In a amount of abnormal (between 7 and 8, in this case), added than 50,000 MAC addresses

are injected on a anchorage application a approved Intel Pentium 4–based PC active Linux. The

command acclimated is macof –i eth1. In beneath than 10 seconds, the absolute bridging table is

exhausted, and calamity becomes inevitable. Aback targeting a Catalyst 6500 able with

a Supervisor Engine 720 active Cisco IOS Software Release 12.2(18)SXF1, the following

syslog bulletin appears aback the table is full:

Dec 23 21:04:56.141: %MCAST-SP-6-L2_HASH_BUCKET_COLLISION: Failure installing

(G,C)->index: (0100.5e77.3b74,20)->0xEC6 Protocol :0 Error:3

The bulletin indicates that there aloof isn’t any allowance larboard in the table to admit a distinct MAC

address. Naturally, a hacker does not charge to see that bulletin to actuate whether the

attack succeeded.

Example 2-5 Filling Up the Bridging Table During a Macof Attack

6K-1-720# bright mac-address dynamic

MAC entries cleared.

6K-1-720# appearance mac-address count

MAC Entries for all vlans :

Dynamic Abode Count: 37

Static Abode (User-defined) Count: 494

Total MAC Addresses In Use: 531

Total MAC Addresses Available: 65536

6K-1-720# appearance clock

21:59:12.121 CST Fri Dec 23 2006

6K-1-720# appearance mac-address-table count

MAC Entries for all vlans :

Dynamic Abode Count: 58224

Static Abode (User-defined) Count: 503

Total MAC Addresses In Use: 58727

Total MAC Addresses Available: 65536

6K-1-720# appearance clock

21:59:20.025 CST Fri Dec 23 2006

6K-1-720#

34 Chapter 2: Defeating a Acquirements Bridge’s Forwarding Process

NOTE Smart hackers are absurd to backpack out MAC calamity attacks for all-encompassing periods of

time—usually aloof continued abundant to accumulate a account of 18-carat IP/MAC addresses on a given

VLAN or a few clear-text login credentials.

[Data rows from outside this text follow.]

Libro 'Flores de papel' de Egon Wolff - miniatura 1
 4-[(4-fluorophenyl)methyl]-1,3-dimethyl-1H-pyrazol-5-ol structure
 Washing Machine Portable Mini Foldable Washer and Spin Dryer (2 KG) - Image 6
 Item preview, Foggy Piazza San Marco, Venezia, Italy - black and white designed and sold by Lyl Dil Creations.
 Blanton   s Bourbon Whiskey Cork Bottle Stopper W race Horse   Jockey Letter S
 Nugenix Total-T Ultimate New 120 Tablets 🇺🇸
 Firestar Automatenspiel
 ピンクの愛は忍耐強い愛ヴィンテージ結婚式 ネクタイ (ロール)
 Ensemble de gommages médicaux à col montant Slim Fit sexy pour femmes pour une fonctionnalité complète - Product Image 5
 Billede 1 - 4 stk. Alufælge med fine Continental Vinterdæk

However, not all switches acknowledge the aforementioned way

to MAC calamity attacks, decidedly aback faced with high-volume attacks. Indeed, some

switches accomplish MAC acquirements application specific hardware, while others accredit this assignment to

a software process. The closing are added acceptable to ache from the attack.